Уверясь по донесениям иностранных судов, прибывавших в Ревель, что шведский флот не в состоянии будет в скором времени появиться в Финском заливе, а потому воспрепятствовать соединению с кронштадтской эскадрой, адмирал Чичагов решил немедленно занять гангутский пост, как самый важный, и 4-го же мая назначил отряд, состоявший из 1 корабля, 1 фрегата и 2 катеров под начальством капитана Тревенена, занимавшего в прошлую осень тот самый пост. Адмирал предписал ему осведомиться о состоянии Гангута и не построено ли там укреплений; если встретятся на пути неприятельские суда, соразмерные его силам, то стараться овладеть ими или отрезать их от убежища, дав немедленно знать о том в Ревель с легким судном; по обозрении гангутского поста, возвратиться к Ревелю, для доклада о всем найденном и решения вопроса о мерах, необходимых для занятия поста.

Далее, адмирал писал в своем дневнике: «5-го числа северо-западный тихий ветр, при облачном сиянии, переменился в северо-восточный. В сей день писал я письмо к назначенному начальствовать отряжаемою из Кронштадта эскадрою контр-адмиралу Спиридову о способах, ежели и приблизился бы в Финский залив неприятельский флот и вздумал бы воспрепятствовать соединению обеих эскадр, как безопаснее и вернее соединиться, назначив ему всевозможные предосторожности. [467]

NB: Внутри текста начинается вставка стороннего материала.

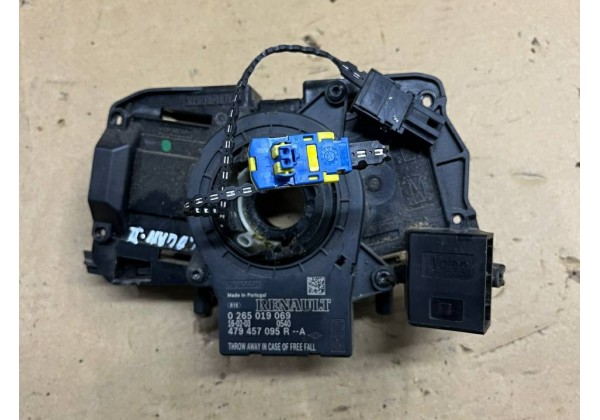 Підрульовий шлейф з датчиком кута поворота керма Renault Logan 2, Sandero 2, Dokker, Lodgy, 2 фішки, 0265019069, 479457095R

«6-го числа. В сей день получен рапорт от штурмана, находящегося в Балтийском порте для наблюдения, что он 5-го числа после полудня видел до пятнадцати больших судов, лавирующих к северо-западу, которые сего числа при рассвете и от нас были также видны, почему тогда же послан от меня для осмотра оных один фрегат и при оном легкий катер с предписанием, дабы тот час, как скоро приметит, что оные суда военные, неприятельские, дал знать поднятием сигнала, нарочно для того назначенного, а сам между тем поспешал бы к соединению с эскадрою. Буде же увидит, что оные суда купеческие, то дать знать другим назначенным также сигналом. По отправлении сего фрегата, на всех кораблях и фрегатах Ревельской эскадры чищены были стрельбою холостых зарядов пушки.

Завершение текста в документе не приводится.